Sunday, February 5, 2012

Contoh TUGAS MK. PEMBIAYAAN AGRIBISNIS


PENDAHULUAN
Latar Belakang
Prinsip syariah adalah aturan perjanjian yang berdasarkan hukum Islam antara bank dan pihak lain untuk penyimpanan dana dan atau pembiayaan kegiatan usaha, atau kegiatan lainnya yang dinyatakan sesuai dengan syariah antara lain adalah pembiayaan berdasarkan prinsip bagi hasil, penyertaan modal, jual beli, sewa menyewa, pengiriman uang dan berbagai jasa bank lainnya. Tujuan dari bank syariah adalah penghindaran bisnis yang tidak sesuai dengan syariah, adanya sistem riba dan gharar (spekulatif) telah menjadikan uang sebagai komoditi, dan terbukti menghancurkan ekonomi keuangan dunia serta menggerakkan sektor riil.
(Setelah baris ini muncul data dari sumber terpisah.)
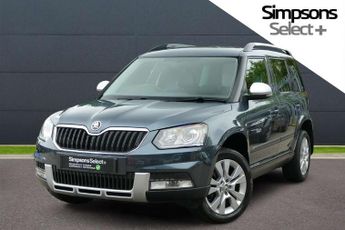 Skoda Yeti Outdoor 1.2 TSI [110] SE L Drive 5dr DSG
Fungsi Bank Syariah secara garis besar tidak berbeda dengan bank konvensional, yakni sebagai lembaga intermediasi (intermediary institution) yang mengerahkan dana dari masyarakat dan menyalurkan kembali dana-dana tersebut kepada masyarakat yang membutuhkannya dalam bentuk fasilitas pembiayaan. Perbedaan pokoknya terletak dalam jenis keuntungan yang diambil bank dari transaksi-transaksi yang dilakukannya. Bila bank konvensional mendasarkan keuntungannya dari pengambilan bunga, maka Bank Syariah dari apa yang disebut sebagai imbalan, baik berupa jasa (fee-base income) maupun mark-up atau profit margin, serta bagi hasil (loss and profit sharing).

Tujuan
1.     Untuk mengetahui bentuk-bentuk pembiayaan aagribisnis syariah dan konvensional
2.     Mampu menjelaskan peranan pembiayaan syariah
3.     Mampu menunjukkan perkembangan pembiayaan dari waktu ke waktu di Indonesia


PEMBAHASAN

Pertanyaan Analisis:
1.  Menurut kelompok Anda apa peranan pembiayaan syariah dalam pengembangan agribisnis nasional?, jika dilihat dari pengalaman pembangunan pertanian Indonesia selama ini yang di ‘biayai’ oleh pembiayaan konvensional.
Pemberlakuan sistem bunga dalam skim pembiayaan atau kredit oleh kebanyakan Bank Konvensional sangat kontraproduktif dengan sektor pertanian, apalagi tingkat suku bunga bank yang saat ini sangat tinggi dinilai memberatkan dan kurang berpihak terutama pada kepentingan petani sebagai komponen vital sektor pertanian. Selain itu tingkat suku bunga yang sedemikian tinggi akan membuat iklim usaha pertanian semakin sulit karena pelaku usaha tani harus menyediakan dana setiap bulannya untuk membayar bunga kepada bank, sementara sebagian besar perhitungan keuntungan dalam usaha tani dilakukan setelah masa panen. Kondisi usaha sektor pertanian akan semakin hancur dengan sistem bunga ini, ketika bunga harus tetap dibayarkan walaupun usahatani dalam kondisi merugi.
Adanya pola pembiayaan dengan sistem syariah yang  berbeda dengan konsep konvensional (bunga), pola yang berlaku dalam pembiayaan sistem syariah lebih berprinsip pada pola bagi hasil yang saling menguntungkan.  Dengan tampilnya perbankan syariah membiayai sektor pertanian, kelemahan yang ada di bank konvensional secara teoritis teratasi karena prinsip pembiayaan yang diperlukan petani seiring dengan skim pembiayaan di bank syariah.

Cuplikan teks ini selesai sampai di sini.